The PM said he had tried to persuade his Cabinet it would be “eccentric” to change Prime Minister now but “I regret not to have been successful in those arguments”.

After acknowledging that "in politics, no one is remotely indispensable", Mr Johnson told the British public: “I want you to know how sad I am to be giving up the best job in the world."

Addressing the people of Ukraine, Mr Johnson said “we in the UK will continue to back your fight for freedom for as long as it takes”.

The 58-year-old continued: “Let me say now to the people of Ukraine, that I know that we in the UK will continue to back your fight for freedom for as long as it takes.
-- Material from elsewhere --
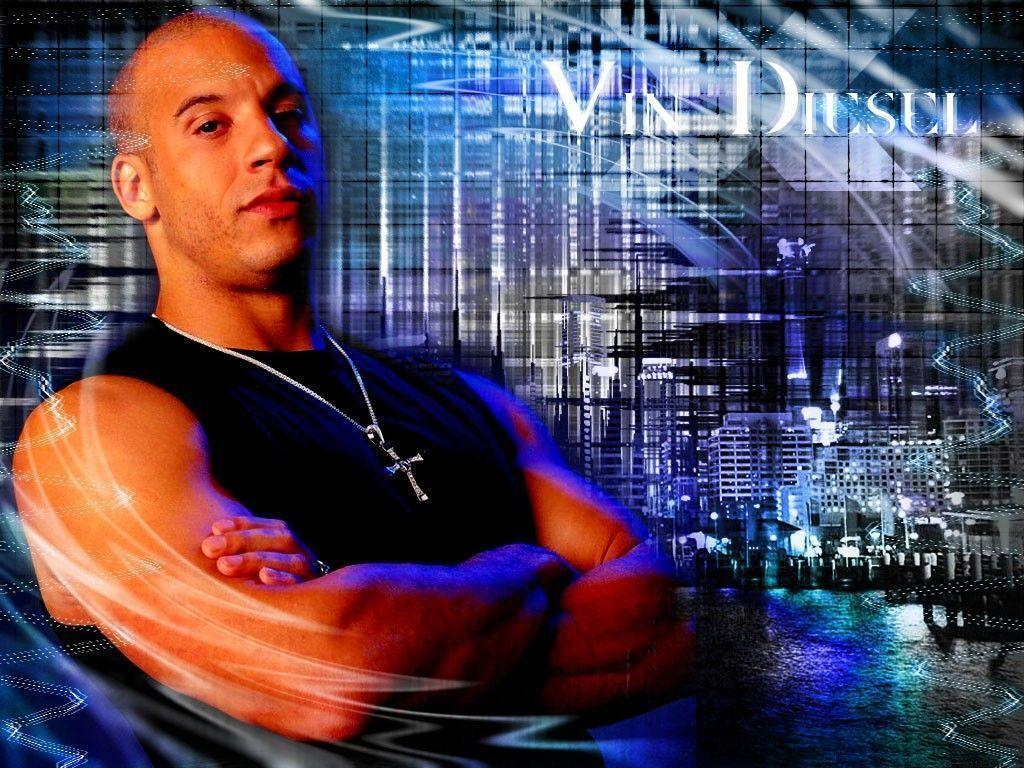 Vin Diesel Wallpapers Desktop - Wallpaper Cave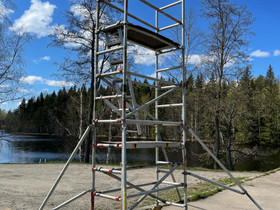 Alumiini telineet (AMO-tikas), Työkalut, tikkaat ja laitteet, Rakennustarvikkeet ja työkalut, Konnevesi, Tori.fi Alumiini telineet (AMO-tikas), Työkalut, tikkaat ja laitteet, Rakennustarvikkeet ja työkalut, Konnevesi, Tori.fi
“And, at the same time, in this country we’ve been pushing forward a vast programme of investment in infrastructure and skills and technology, the biggest in a century.

“Because if I have one insight into human beings, it is that genius and talent and enthusiasm and imagination are evenly distributed throughout the population, but opportunity is not, and that’s why we must keep levelling up, keep unleashing the potential of every part of the United Kingdom.

“If we can do that in this country, we will be the most prosperous in Europe.”

Mr Johnson will serve as PM until his successor is announced
Mr Johnson will serve as PM until his successor is announced

Resignations within the party began on Tuesday when former Health Secretary Sajid Javid and ex-Chancellor of the Exchequer Rishi Sunak both quit in quick succession.

Nadhim Zahawi took over as Chancellor from Mr Sunak, before dramatically calling for the PM to resign on Thursday morning.

Mr Johnson spoke to Sir Graham Brady, chairman of the Conservative 1922 Committee, to inform him of his decision.

Calls for the PM to resign continued on Thursday morning Northern Ireland Secretary Brandon Lewis told the PM that he was submitting his resignation with “regret”, but said that a divided Conservative Party cannot win elections.

Mr Lewis, who took over the role in early 2020, told Mr Johnson that the Government had taken “huge strides to level up the economy of Northern Ireland and have not shied away from taking other difficult decisions; confronting the practical issues with the Northern Ireland Protocol, advocating for the reproductive rights of women and championing the benefits of integrated education for all”.

He continued: “A decision to leave Government is never taken lightly, particularly at such a critical time for Northern Ireland. I have taken a lot of time to consider this decision, having outlined my position to you at length last night.

His resignation was quickly followed by Treasury minister Helen Whately, who told the PM there “are only so many times you can apologise and move on”.